Machine learning ended up being a useful technique to add to the classical computer vision toolbox to do things like object identification and semantic segmentation. These things were almost impossible to do robustly before, and now they're relatively straightforward, if still a bit challenging.
Same with audio identification and synthesis. It's a lot better than the old Markov chain based systems for these specific tasks.
But that's about it - it's useful as a tool for certain classes of highly specific tasks, but has been largely crap everywhere else.
The promised super smart products that were end-to-end "AI" never really materialized. Smart speakers are shitty and pointless. And IBM renamed all of their products Watson.
But there have also been significant breakthroughs in:
* image/video generation using generative adversarial networks
* game playing & robotics in constrained environments (AlphaGo, AlphaStar, etc) using reinforcement learning
* natural language processing using semantic word vectors and attentional recurrent models
* voice-to-text using recurrent models
Convolutional and recurrent neural networks were invented in the early 1990s and we’ve only recently got them properly working as tools. I think we’re going to see (and need) more algorithmic breakthroughs to push through the current limitations but I’d be very reluctant to bet against that happening, even if it takes a long time...
> natural language processing using semantic word vectors and attentional recurrent models
Where has that made a big impact? Marginally better auto translation between English and French, or random text passage generation that's at best uncanny valley?
Probably still falls under OP's heading of "a tool that might help in limited, specific scenarios".
Advances in deep learning for NLP have also significantly improved search (Google and others) which has a nontrivial impact on people’s lives.
Multi-modal models that translate images into words have a significant impact for blind people.
Deep learning is significantly improving medical diagnosis, crop yield, assistive robotics, and many other specific scenarios.
Specific scenarios matter and again, it’s still very early days...
For instance, you can do a lot of your engineering and even data science work without ever touching real data (due to ML):
Not saying it’s not over hyped, just that good AI would augment your life in ways subtle, but hugely impactful.
Edit: Another thought - how are funds in the market allocated?

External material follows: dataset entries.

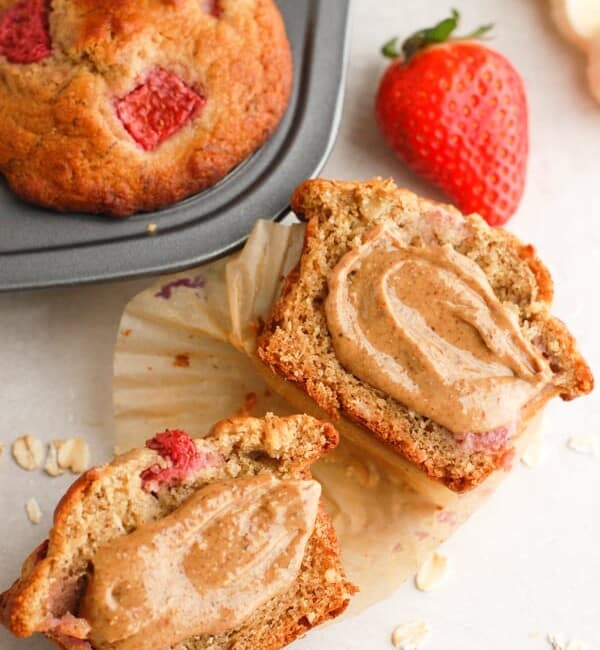 strawberry banana muffin with peanut butter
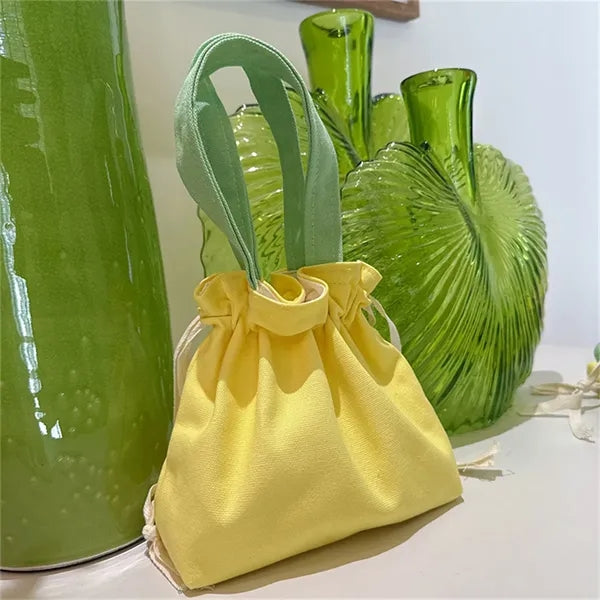 Cute Canvas Drawstring Bag Soft Color Lightweight Daily Use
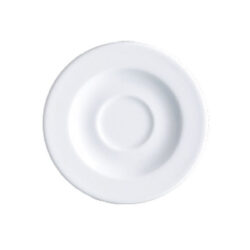 Fehér kerek vastagfalú porcelán csészealj Hotel, 15,7 cm átmérővel, vendéglátóipari használatra.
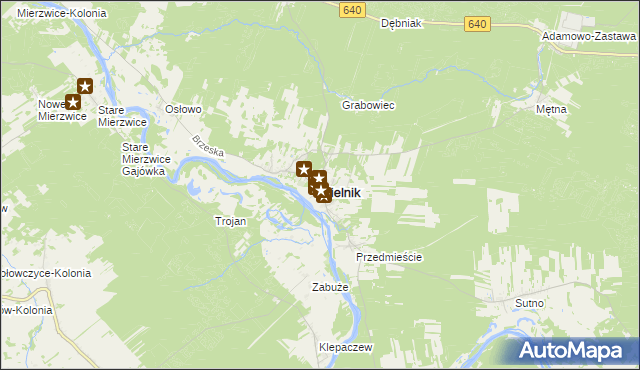 mapa Mielnik powiat siemiatycki, Mielnik powiat siemiatycki na mapie Targeo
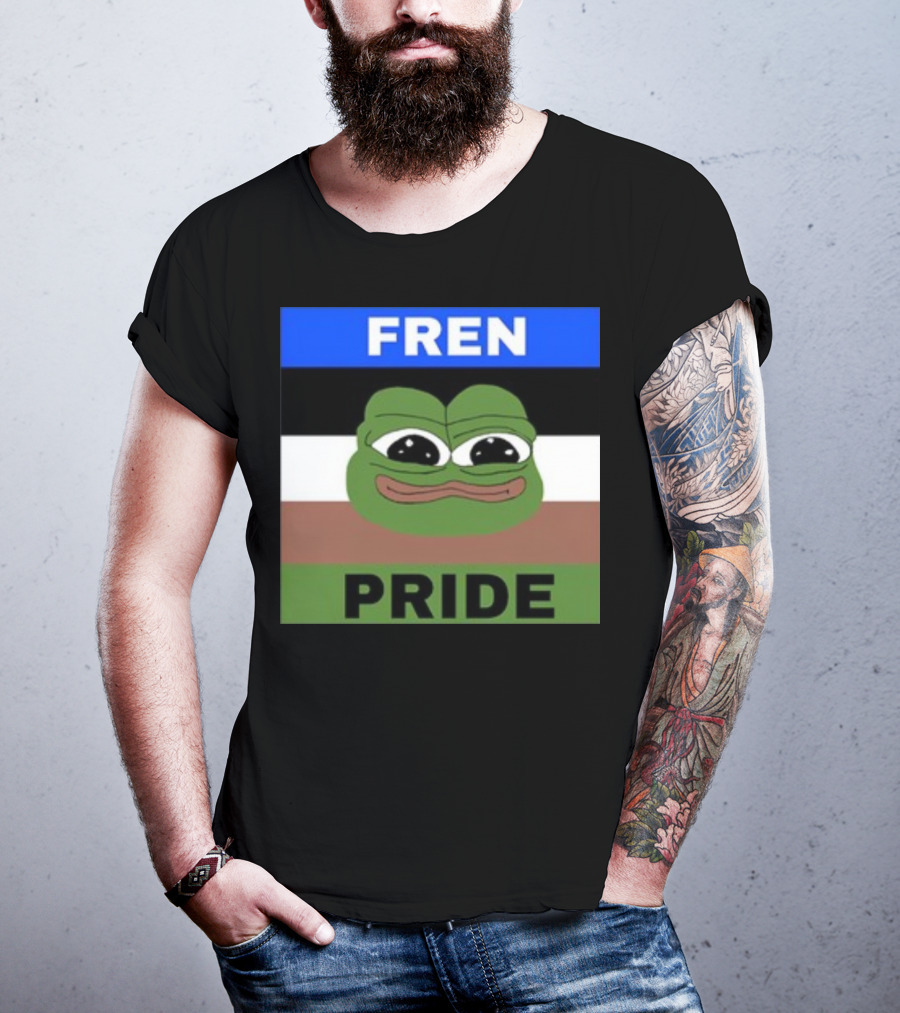 Fren Pride Pepe Flag Image T-Shirt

Partially by humans, largely augmented (if not explicitly allocated) by AI... meaning AI determines which companies get funding and thus what you can buy / access is determined by these algorithms
IBM and Watson definitely hyped their shit beyond anything reasonable. Open AI is also responsible of this. And smart speakers are definitely pointless.
Still I think we are seeing some really cool things, like voice recognition, translation, google answering questions directly, fancy camera stuff, etc.
But i was disappointed to find out that by formal definition "AI" is a term that encompasses machine learning and neural networks: https://en.wikipedia.org/wiki/Artificial_intelligence
That, or I'm misreading the Wikipedia article.
Until one of these two works as promised, AI is a failure and neural networks are still just simple stacked linear regressions. They aren’t greater than the sum of their parts.